*** THE DATA Section Begins ***

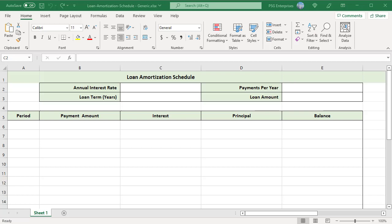An amortization schedule is a table that shows periodic payments on a loan. It breaks down each payment into principal and interest and shows the remaining balance after each payment.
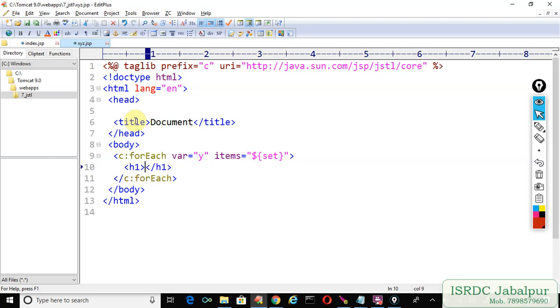You can simply write the EL. Just print this attribute "y"'s value.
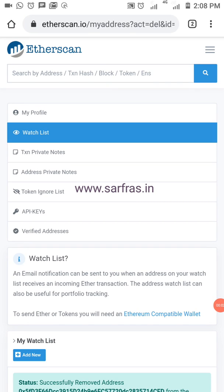Hello everyone and welcome to a new video. Today I am going to show you how to receive incoming and outgoing alerts for your Ethereum transactions using the Etherscan portfolio tracker. In the previous video I already showed you how the portfolio works and how you can track multiple accounts on one page.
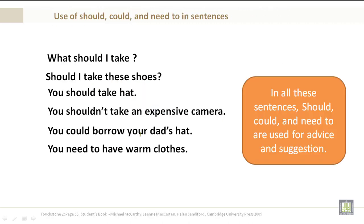Use of should, could, and need to in sentences: What should I take? Should I take these shoes? You should take a hat. You shouldn't take an expensive camera. You could borrow your dad's hat. You need to have warm clothes. Please note that in all these sentences, should, could, and need to are used for advice and suggestion.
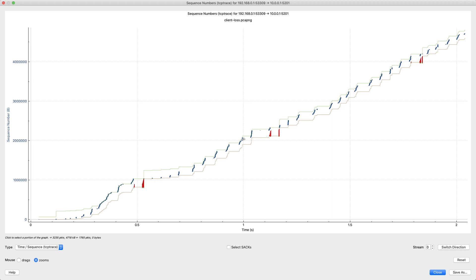So the TCP trace, it doesn't just show us sequence numbers over time. It shows us the receive window. It shows us positively acknowledged data. It shows us SAC blocks and where retransmissions happened. So it shows us quite a bit more information that can be really critical when troubleshooting.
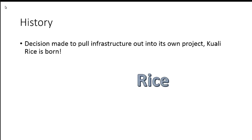The decision was made to pull that infrastructure out into its own project so it could be shared by KFS and KC, and Rice is born.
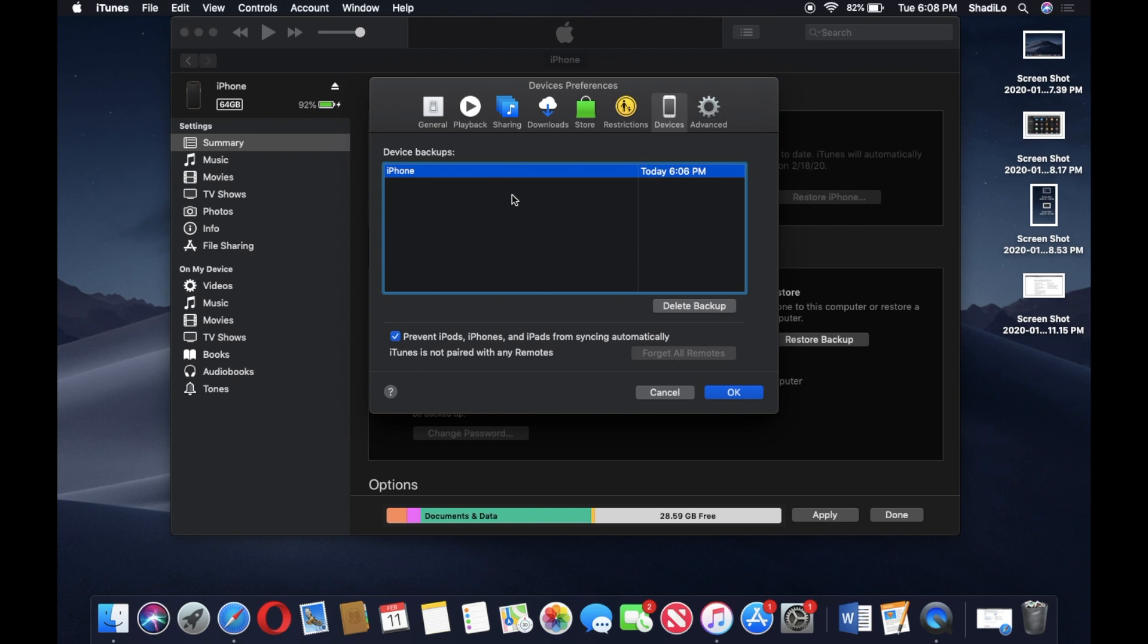This is a good way to kind of manage that backup. You can also see which one you want to restore from because it restores to that point in time.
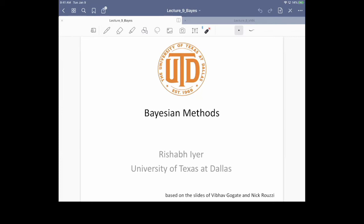I want to cover probabilistic methods and I also want to cover logistic regression first. I was supposed to cover logistic regression only a little later, but then I decided to cover these probabilistic methods first, and then next I will look at other topics.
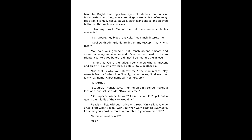His attire is sinfully casual as well, black jeans and a long sleeve button-up that matches his eyes. I clear my throat. Pardon me, but there are other tables available. I am aware. My blood runs cold. You simply interest me. I swallow thickly, grip tightening on my teacup. And why is that? You hold your ground. That French accent, smooth and sweet. You do not need to be so frightened. I told you before, did I not? I do not hurt the innocent.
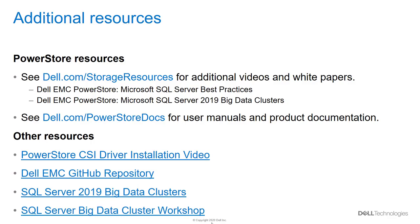Dell.com/StorageResources has a lot of outstanding content for not only SQL Server, but various other applications as well. Dell.com/PowerStoreDocs is a wealth of content on PowerStore containing manuals as well as in-depth white papers on various PowerStore features and capabilities. Thanks for watching.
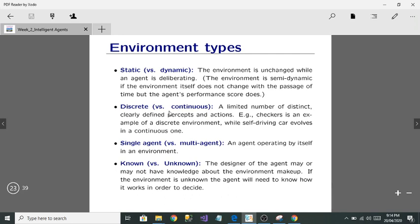Discrete versus continuous: discrete means limited — limited actions and limited percepts. Continuous means unlimited. For example, checkers is an example of a discrete environment, while a self-driving car operates in a continuous environment with no such limitations.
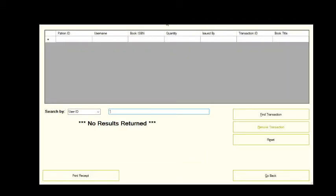The user can click the patron transactions button to view their transactions history with this library. This window allows them to see all relevant information of this transaction including who issued the book and how many were issued. Being a library an employee is required to perform transactions so we won't be adding to this list until later in the presentation.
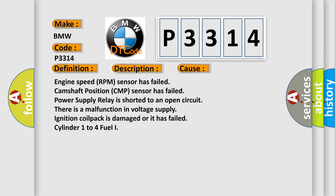This diagnostic error occurs most often in these cases: Engine speed RPM sensor has failed, camshaft position CMP sensor has failed, power supply relay is shorted to an open circuit, there is a malfunction in voltage supply, ignition coil pack is damaged or it has failed, cylinder 1 to 4 fuel injector.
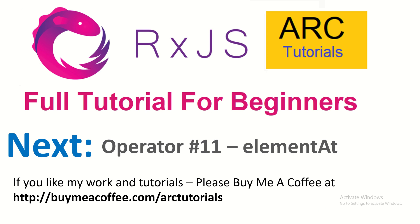Please do subscribe to my channel. The next operator we are going to learn is element at. You would find these are very useful especially for filtering values and getting direct values. That's what we are going to learn in the next episode. Please do subscribe. Please do consider buying me a coffee at buymeacoffee.com slash arc tutorials.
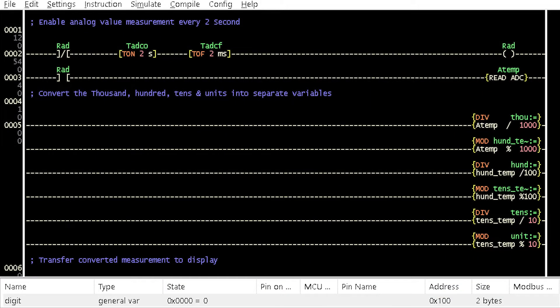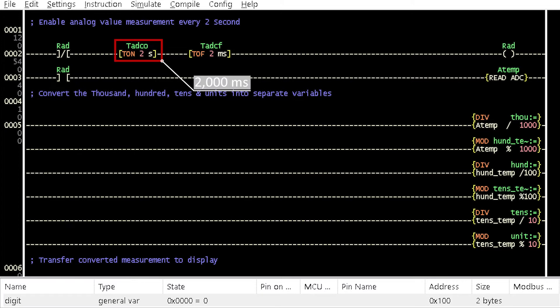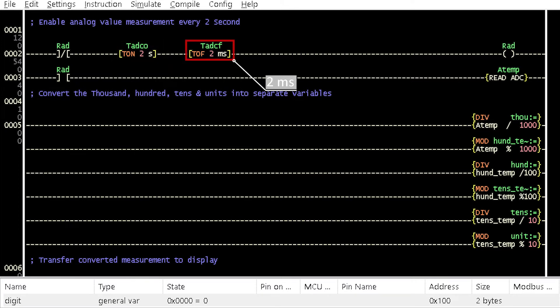Open a new program window. Insert the instruction element as shown with 2000 ms for the turn-on delay timer and 2 ms for the turn-off delay timer.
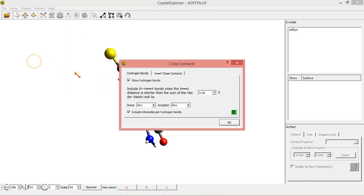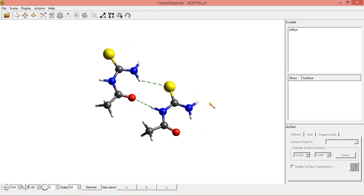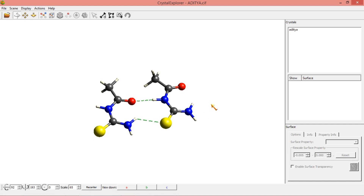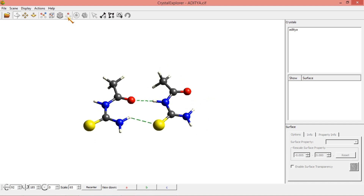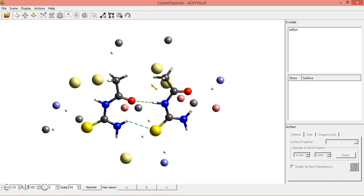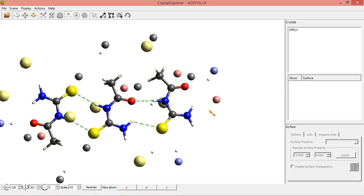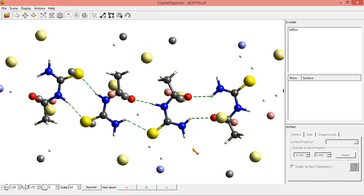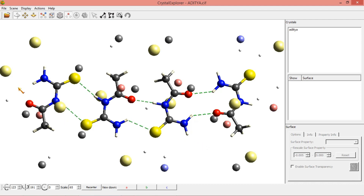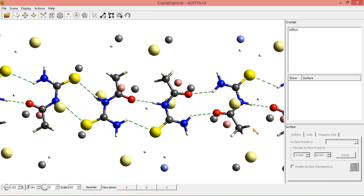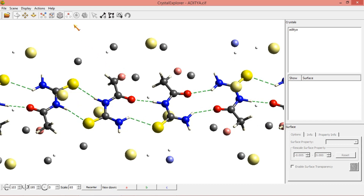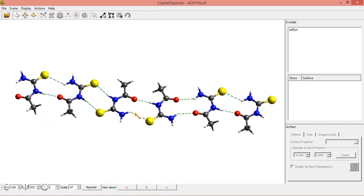Go to Hydrogen Bonds again. I am deselecting and selecting this. Now just select this — you can see some fragments over here. Click on this fragment, and on this side, this fragment. You can form this structure. If you want to increase this chain, just click on to this side. This is the way you can increase the contacts using Crystal Explorer.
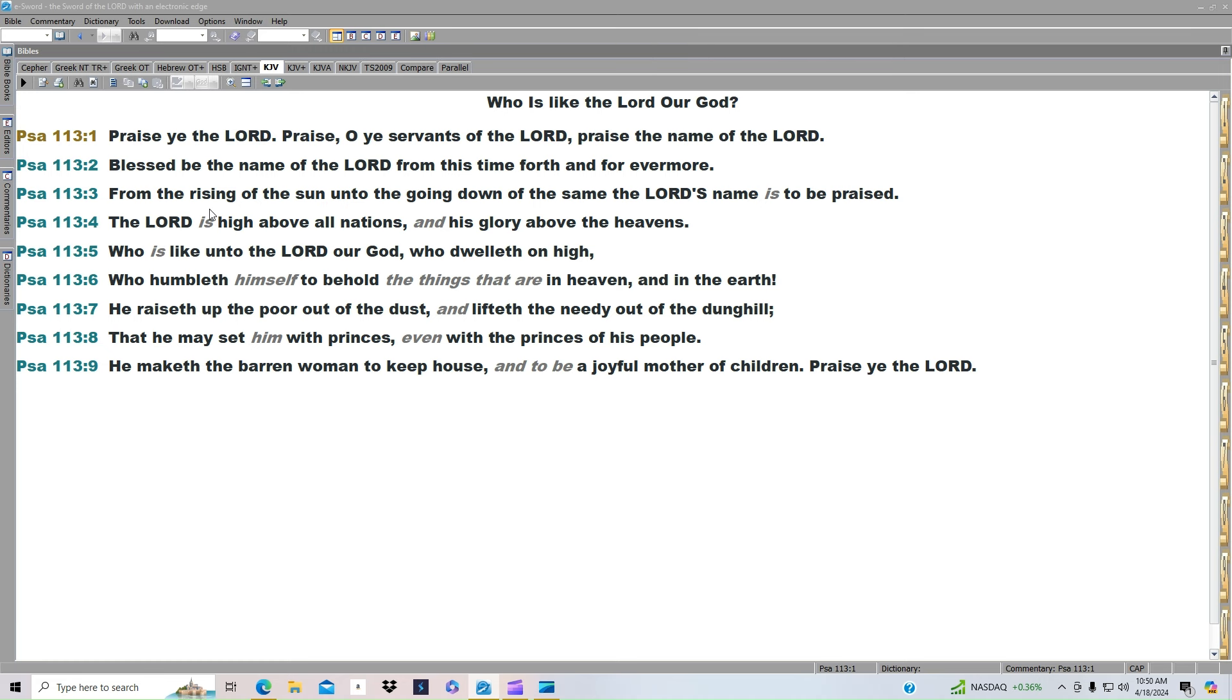Blessed be the name of the Lord from this time forth and forevermore. From the rising of the sun unto the going down of the same, the Lord's name is to be praised. The Lord is high above all nations and his glory above the heavens. Who is like unto the Lord our God who dwelleth on high? Who humbleth himself to behold the things that are in heaven and in earth? Who raiseth up the poor out of the dust and lifteth the needy out of the dunghill?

*** THE DATA Section Ends ***

TASK TO COMPLETE.
The records must come back exactly, with their pictures removed.

RESPONSE AREA.
An amortization schedule is a table that shows periodic payments on a loan. It breaks down each payment into principal and interest and shows the remaining balance after each payment.
You can simply write the EL. Just print this attribute "y"'s value.
Hello everyone and welcome to a new video. Today I am going to show you how to receive incoming and outgoing alerts for your Ethereum transactions using the Etherscan portfolio tracker. In the previous video I already showed you how the portfolio works and how you can track multiple accounts on one page.
Use of should, could, and need to in sentences: What should I take? Should I take these shoes? You should take a hat. You shouldn't take an expensive camera. You could borrow your dad's hat. You need to have warm clothes. Please note that in all these sentences, should, could, and need to are used for advice and suggestion.
So the TCP trace, it doesn't just show us sequence numbers over time. It shows us the receive window. It shows us positively acknowledged data. It shows us SAC blocks and where retransmissions happened. So it shows us quite a bit more information that can be really critical when troubleshooting.
The decision was made to pull that infrastructure out into its own project so it could be shared by KFS and KC, and Rice is born.
This is a good way to kind of manage that backup. You can also see which one you want to restore from because it restores to that point in time.
I want to cover probabilistic methods and I also want to cover logistic regression first. I was supposed to cover logistic regression only a little later, but then I decided to cover these probabilistic methods first, and then next I will look at other topics.
His attire is sinfully casual as well, black jeans and a long sleeve button-up that matches his eyes. I clear my throat. Pardon me, but there are other tables available. I am aware. My blood runs cold. You simply interest me. I swallow thickly, grip tightening on my teacup. And why is that? You hold your ground. That French accent, smooth and sweet. You do not need to be so frightened. I told you before, did I not? I do not hurt the innocent.
Dell.com/StorageResources has a lot of outstanding content for not only SQL Server, but various other applications as well. Dell.com/PowerStoreDocs is a wealth of content on PowerStore containing manuals as well as in-depth white papers on various PowerStore features and capabilities. Thanks for watching.
Discrete versus continuous: discrete means limited — limited actions and limited percepts. Continuous means unlimited. For example, checkers is an example of a discrete environment, while a self-driving car operates in a continuous environment with no such limitations.
The user can click the patron transactions button to view their transactions history with this library. This window allows them to see all relevant information of this transaction including who issued the book and how many were issued. Being a library an employee is required to perform transactions so we won't be adding to this list until later in the presentation.
This diagnostic error occurs most often in these cases: Engine speed RPM sensor has failed, camshaft position CMP sensor has failed, power supply relay is shorted to an open circuit, there is a malfunction in voltage supply, ignition coil pack is damaged or it has failed, cylinder 1 to 4 fuel injector.
Please do subscribe to my channel. The next operator we are going to learn is element at. You would find these are very useful especially for filtering values and getting direct values. That's what we are going to learn in the next episode. Please do subscribe. Please do consider buying me a coffee at buymeacoffee.com slash arc tutorials.
Open a new program window. Insert the instruction element as shown with 2000 ms for the turn-on delay timer and 2 ms for the turn-off delay timer.
Go to Hydrogen Bonds again. I am deselecting and selecting this. Now just select this — you can see some fragments over here. Click on this fragment, and on this side, this fragment. You can form this structure. If you want to increase this chain, just click on to this side. This is the way you can increase the contacts using Crystal Explorer.
Blessed be the name of the Lord from this time forth and forevermore. From the rising of the sun unto the going down of the same, the Lord's name is to be praised. The Lord is high above all nations and his glory above the heavens. Who is like unto the Lord our God who dwelleth on high? Who humbleth himself to behold the things that are in heaven and in earth? Who raiseth up the poor out of the dust and lifteth the needy out of the dunghill?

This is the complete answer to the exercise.